Hometown: West St. Paul, Manitoba

Height: 5 feet 8 inches

Weight: 175 pounds

Position: Center

Shoots: Left

Pedigree: Grandfather Bill, known as “Wee Willie” for his 5-8, 150-pound frame, played 14 seasons during a Hall of Fame career for the Chicago Blackhawks.

Hobbies: Golf and guitar playing, mostly in the acoustic, soft-rock style of Hawaiian-born Jack Johnson.

The pocket rocket of the Las Vegas Wranglers has been pushed around the ice in the playoffs.

As usual, though, 5-foot-8, 175-pound center Tyler Mosienko has been pushing back.

“Being a small guy, they go after you,” he says. “They don’t take you for granted. They punish you a little extra. I’ve had that all my life. I’m used to that. I can deal with that.

“No big deal.”

The pocket rocket of the Wranglers has been a very big deal to his team, a direct result of the time he devotes to the sport.

Long after his teammates have left either the Orleans Arena or Las Vegas Ice Center, Mosienko remains, still working on moves, stick-handling, shots. Then he runs stairs.

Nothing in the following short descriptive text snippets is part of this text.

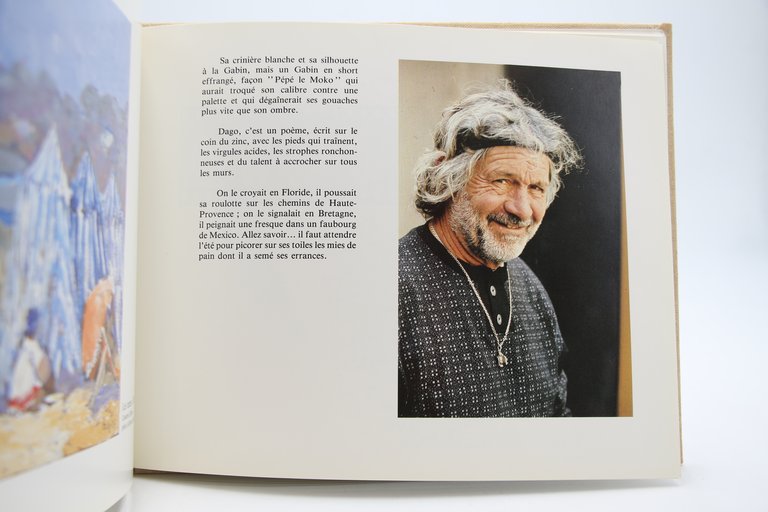 Une Vie gouachée
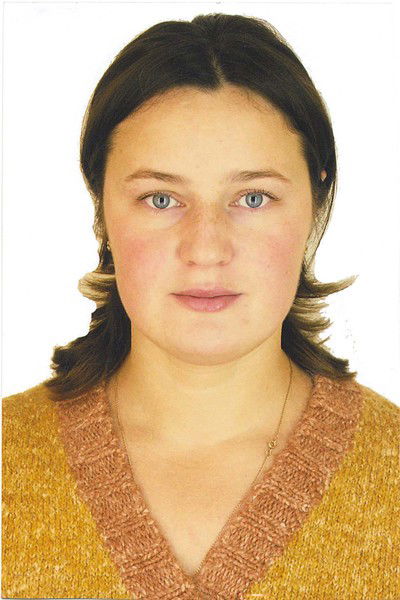 Катя Тронько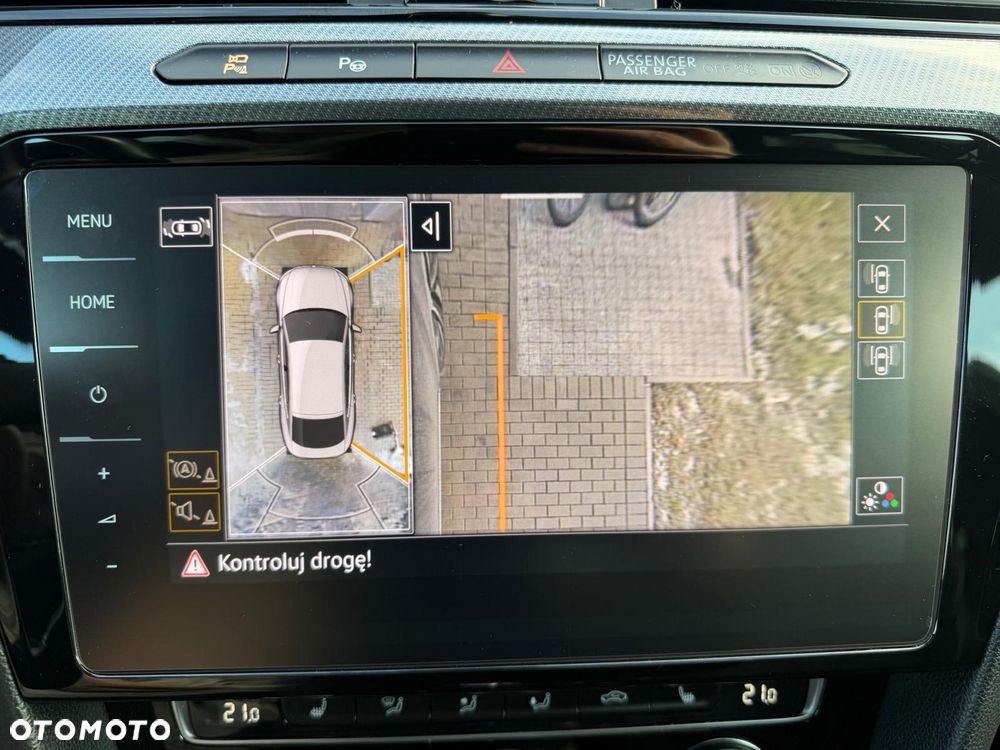 Volkswagen Arteon 2.0 TSI R-Line DSG - 29
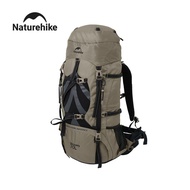 Naturehike Backpack Outdoor Hiking Mountaineering 70L Large Capacity Lightweight Backpack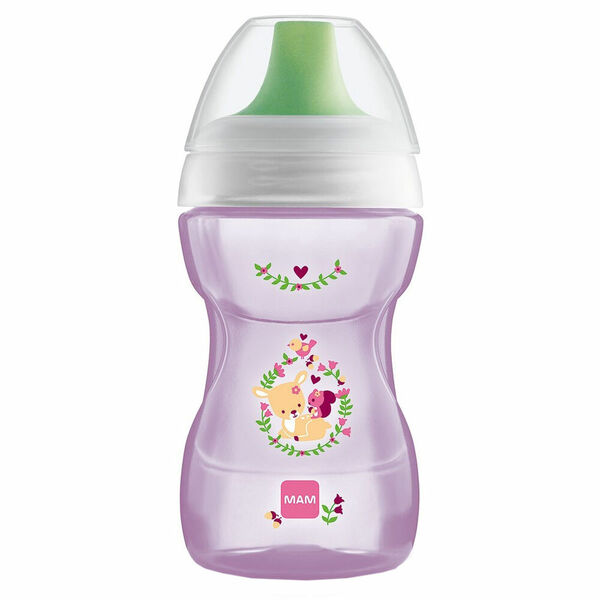 MAM Fun to Drink Hrnek 8+ měsíců 270 ml porovnat ceny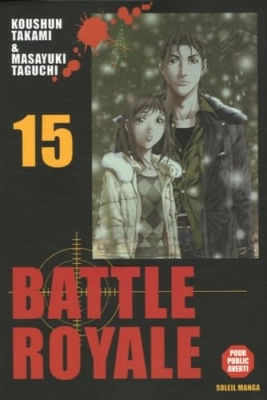 Battle Royale - Tome 15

The other day, when practice ended, Wranglers skated toward center ice, where they stretched. Mosienko took feeds from someone and kept slapping shots into the net as his teammates, stretching, watched.

“I have to work a little bit harder than everyone else,” he says, “just to get a little bit better and, hopefully, make it to the NHL one day.”

1. Pops

Brian Mosienko set a blue-collar tone in his son at an early age. He’d rise early and tend to his bowling alley in Winnipeg for 15 hours a day. He ran the place for more than 40 years and sold it a year ago. “Working hard comes from my family,” Tyler Mosienko says. “My dad worked for everything he had. I enjoy working. I love every bit of it.”

2. Criticism

Reporters, coaches and other critics have always told Mosienko he wouldn’t make it, that he should quit the game. He wants to prove them wrong. “And prove something to myself,” he says. “I wasn’t blessed with my small size, but I’ll just make up for it in work and talent.”

3. Take that

He says foes still call him names. He heard “little midget” in a recent game. He laughed. If that’s the best thing you can come up with. He routinely smacks players 7 or 8 inches taller than he into the boards. “You stand up for yourself,” Mosienko says. “You have to dish it out. I’m a pretty strong guy, so I can make the other team pay a little bit as well.”

4. Production

Mosienko had 14 points in the first two rounds of the playoffs, second to Peter Ferraro’s 17, which led the Wranglers. Mosienko gave the Stockton Thunder nightmares. In three seasons as a professional, he has increased his production from 47 points to 52, and 59 this past season.

5. A title

Mosienko won a Western Hockey League championship in his last season of junior hockey, in 2004-05, with the Kelowna Rockets. “The Memorial Cup,” he says. “Once you get that under your belt, that’s all you want to do — win all the time. We’re healthy and confident, and things are going pretty good right now.”